03-15-2004, 10:47 PM	#4
ignatz mechanoholic Posts: 582 Karma: 1000217 Join Date: Mar 2004 Location: Sarasota, FL Device: Nook STR/iPhone 4S/EVO 4G	I'm now using this scoop daily and it works great. Another advantage of grabbing this much info with Sitescooper is that it can compare with it's cache and not spend time reconverting data that it has already done. With several days to weeks of stories available, this could help speed conversion. My iSilo converts at 5:30 am, Sitescooper at 5:45, and then it all syncs at 6. When I walk in and grab my Palm I'm ready to go... If anyone has concerns about configuring these files, I'd be happy to help, and will customize them for you. Let me know.

03-22-2004, 09:34 AM	#5
melvynadam Connoisseur Posts: 69 Karma: 10 Join Date: Jan 2004 Location: Israel Device: Kindle Paperwhite, iPhone, iPad	Okay, I've never used SiteScopper but would love to get the NY Times into my iSilo every day. Is there a way of doing this without Sitescooper?

04-08-2004, 11:37 AM	#7
Alexander Turcic Fully Converged Posts: 18,171 Karma: 14021202 Join Date: Oct 2002 Location: Switzerland Device: Too many to count here.	Thanks Ignatz.

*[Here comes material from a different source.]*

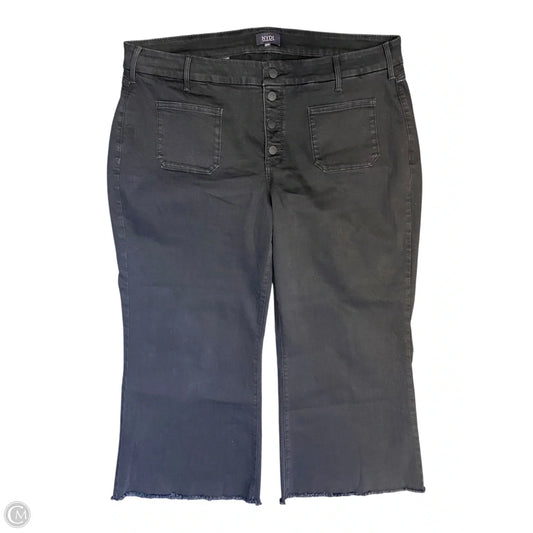 Jeans Wide Leg By Clothes Mentor In Black, Size: 18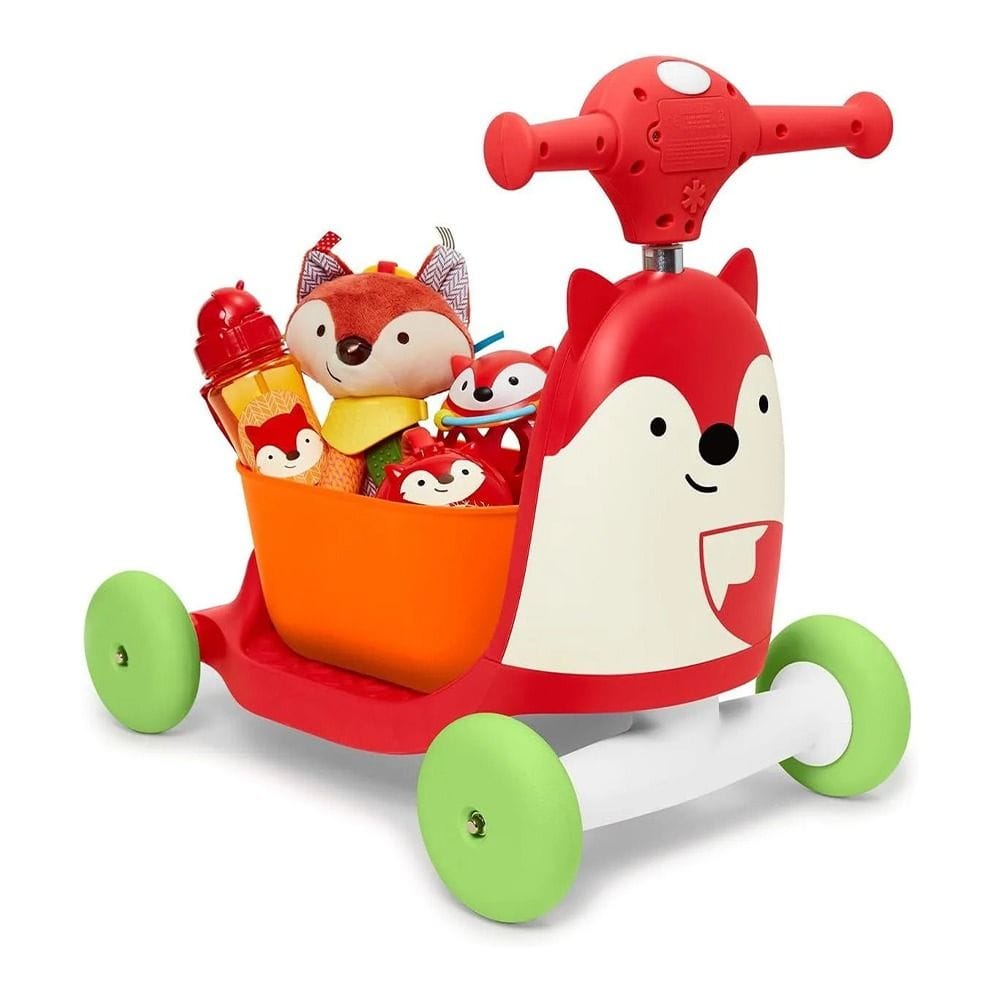 Skip Hop Fox Ride-On Push Toy Baby Walker First Ride Activity Learning Toy for Toddler 12 Months Indoor Outdoor Fox | 184350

I will do this as soon as I am back at work (next week, after Eastern). My machine at work does all the scooping work :P

04-08-2004, 01:45 PM	#8
Zire Fanatic Posts: 522 Karma: 14050 Join Date: May 2003 Location: Astoria, NY Device: Zire 71	Really would like the NYTimes thing put to rest. Thanks for the update.